PROBLEM DETAILS = Below are some records. Return exactly their lines from the one containing "انجام کلیه خدمات" through the one containing "打玻尿酸显老网红,打玻尿酸成功的明星", and drop the pictures.

DATA RECORDS =
--------------------------------
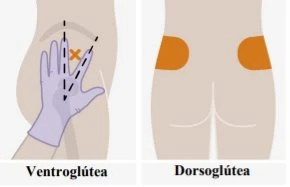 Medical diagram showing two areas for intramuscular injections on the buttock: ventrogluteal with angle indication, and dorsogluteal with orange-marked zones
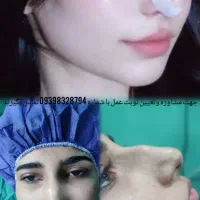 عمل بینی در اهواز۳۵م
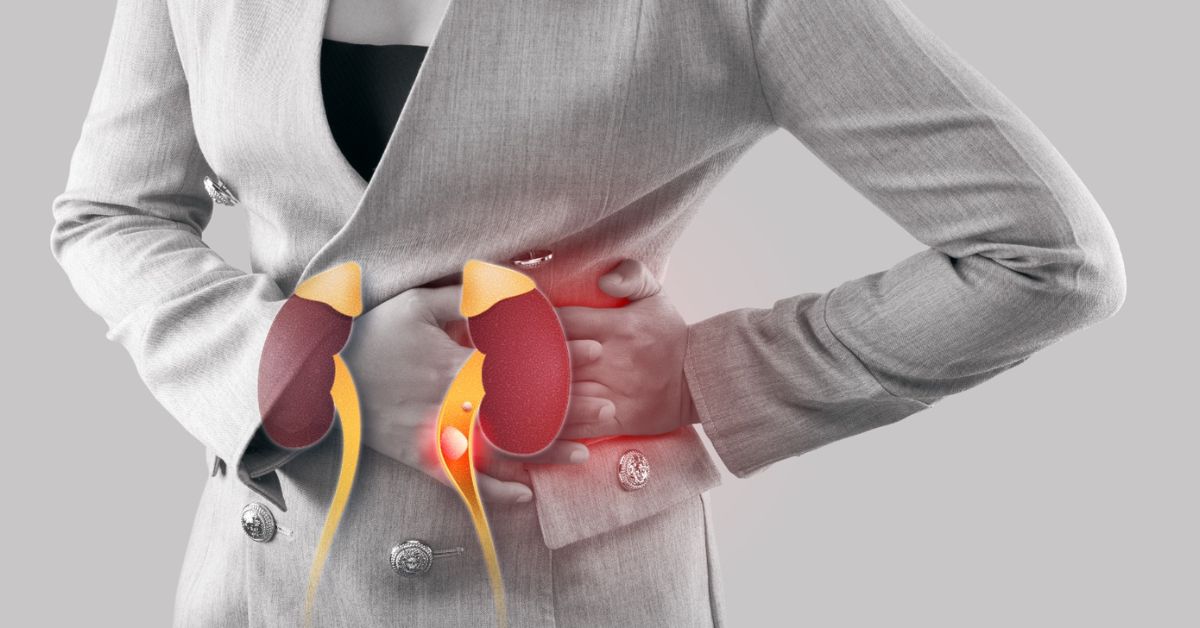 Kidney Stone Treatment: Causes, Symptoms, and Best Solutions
--------------------------------
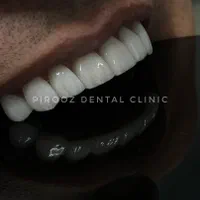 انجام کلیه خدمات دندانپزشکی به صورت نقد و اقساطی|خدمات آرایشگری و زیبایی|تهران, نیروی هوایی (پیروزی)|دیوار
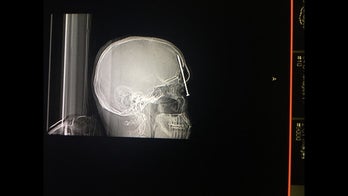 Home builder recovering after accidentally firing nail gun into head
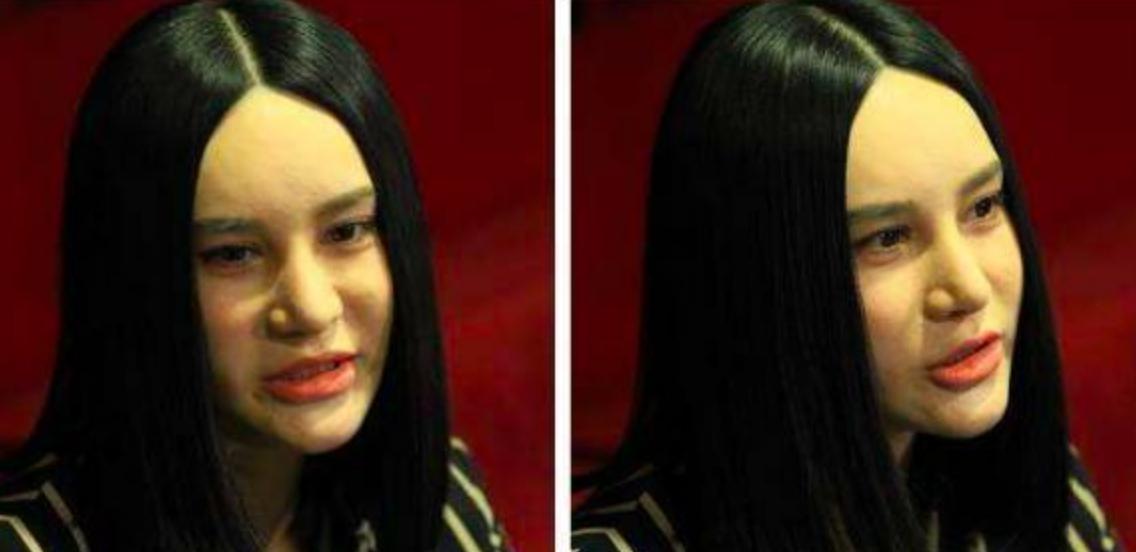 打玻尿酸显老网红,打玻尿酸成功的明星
--------------------------------
OUTPUT FOR THIS EXERCISE =
 انجام کلیه خدمات دندانپزشکی به صورت نقد و اقساطی|خدمات آرایشگری و زیبایی|تهران, نیروی هوایی (پیروزی)|دیوار
 Home builder recovering after accidentally firing nail gun into head
 打玻尿酸显老网红,打玻尿酸成功的明星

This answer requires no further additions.